Figure 2. Cell surface of M. paradoxa.(s) represents spirochetes and (b)
represents rod-shaped bacteria.
Image from Cleveland & Grimstone, 1964
 .
That is a lot of symbiosis to piece together, however, it does not stop there. There is not only one more symbiont in M. paradoxa but two more bacterial species that live in symbiosis with this protozoan. In addition to the spirochetes found on M. paradoxa, abundant epibiotic rod-shaped bacteria live on the surface of the protozoan (Figure 2). The total number of these rod-shaped bacteria per cell is of the order of 100,000. 16S rDNA analysis has shown that these bacteria are related to the Bacteroides genus. It is hypothesized that these rod-shaped bacteria assist in the digestion of cellulose by M. paradoxa but it has not been studied in detail (3). The last known symbiont in this diverse symbiosis is a third bacterial species that lives inside of the cell. These spherical bacteria are hypothesized to work with hydrogenosomes to act as mitochondria for M. paradoxa, which is an organelle that M. paradoxa lacks (1).
Symbiosis is indeed a complicated and complex interaction between multiple species. The evolution of many current organisms today has occurred due to the basis of symbiosis. Many times symbiosis is essential to both organisms, as in the case of M. darwiniensis and its symbiont M. paradoxa. Without M. paradoxa, M. darwiniensis would not live and vice versa. It can be seen in the example of M. paradoxa that symbiosis may be much more in depth than what a first glance may provide. M. paradoxa is exceptional due to the fact that it has three to four microorganisms living in or on it and that some of them play an obvious functional role in the life of their host (1). Although some of the microorganisms such as the rod-shaped bacteria on M. paradoxa have not been proved to play any significant role, it is difficult to believe that these bacteria do not serve some function to their host. The symbiosis of M. darwiniensis, M. paradoxa, the spirochetes and the bacterial counterparts is a unique and fascinating example of how various species live together to survive and function successfully with each other.

LITERATURE CITED
1.        Cleveland, L. R., and A. V. Grimstone. 2011. The fine structure of the flagellate Mixotricha paradoxa and its associated micro-organisms.
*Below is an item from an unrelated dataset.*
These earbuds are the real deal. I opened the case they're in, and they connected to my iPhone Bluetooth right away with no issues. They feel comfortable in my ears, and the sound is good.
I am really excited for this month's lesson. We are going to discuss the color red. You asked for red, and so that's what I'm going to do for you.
Society 159:668-686.
2.        Leadbetter, J. R. 1999. Acetogenesis from H2 Plus CO2 by Spirochetes from Termite Guts. Science 283:686-689.
3.        Overmann, J. 2006. Molecular basis of symbiosis. Springer Berlin / Heidelberg, Berlin, Germany.
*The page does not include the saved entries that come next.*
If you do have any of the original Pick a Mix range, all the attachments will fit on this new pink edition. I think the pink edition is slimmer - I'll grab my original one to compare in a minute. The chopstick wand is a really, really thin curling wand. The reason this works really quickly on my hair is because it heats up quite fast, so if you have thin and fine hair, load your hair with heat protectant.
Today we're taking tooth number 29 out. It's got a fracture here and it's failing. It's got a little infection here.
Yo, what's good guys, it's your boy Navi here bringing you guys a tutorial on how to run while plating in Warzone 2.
4.        Sutherland, J. L. 1933. Protozoa from Australian termites. Q J Microsc Sci 76:145-163.
5.        Veivers, P. C., R. W. O’Brien, and M. Slaytor. 1983. Selective defaunation of Mastotermes darwiniensis and its effect on cellulose and starch metabolism. Insect Biochemistry 13:95-101.
6.        Wier, A., M. Dolan, D. Grimaldi, R. Guerrero, J. Wagensberg, and L. Margulis. 2002. Spirochete and protist symbionts of a termite ( Mastotermes electrodominicus) in Miocene amber. Image (Rochester, N.Y.) 99:18-21.